## [SUPPLIED ENTRIES]
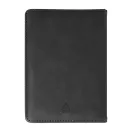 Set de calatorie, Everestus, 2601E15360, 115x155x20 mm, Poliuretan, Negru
...
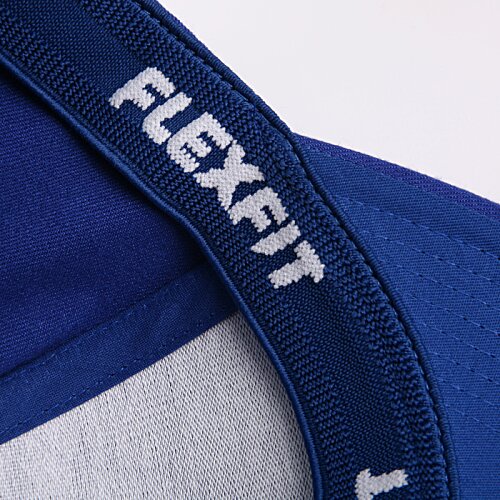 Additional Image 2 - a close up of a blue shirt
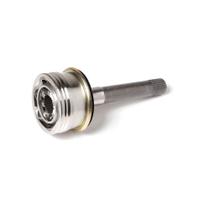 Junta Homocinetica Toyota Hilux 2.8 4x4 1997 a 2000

## [ABOUT THIS TASK]
Begin at the line in the entries above that has "Additional Image 2", stop after the line that has "Junta Homocinetica Toyota", and output exactly those lines without pictures.

## [RESULT OF THE TASK]
 Additional Image 2 - a close up of a blue shirt
 Junta Homocinetica Toyota Hilux 2.8 4x4 1997 a 2000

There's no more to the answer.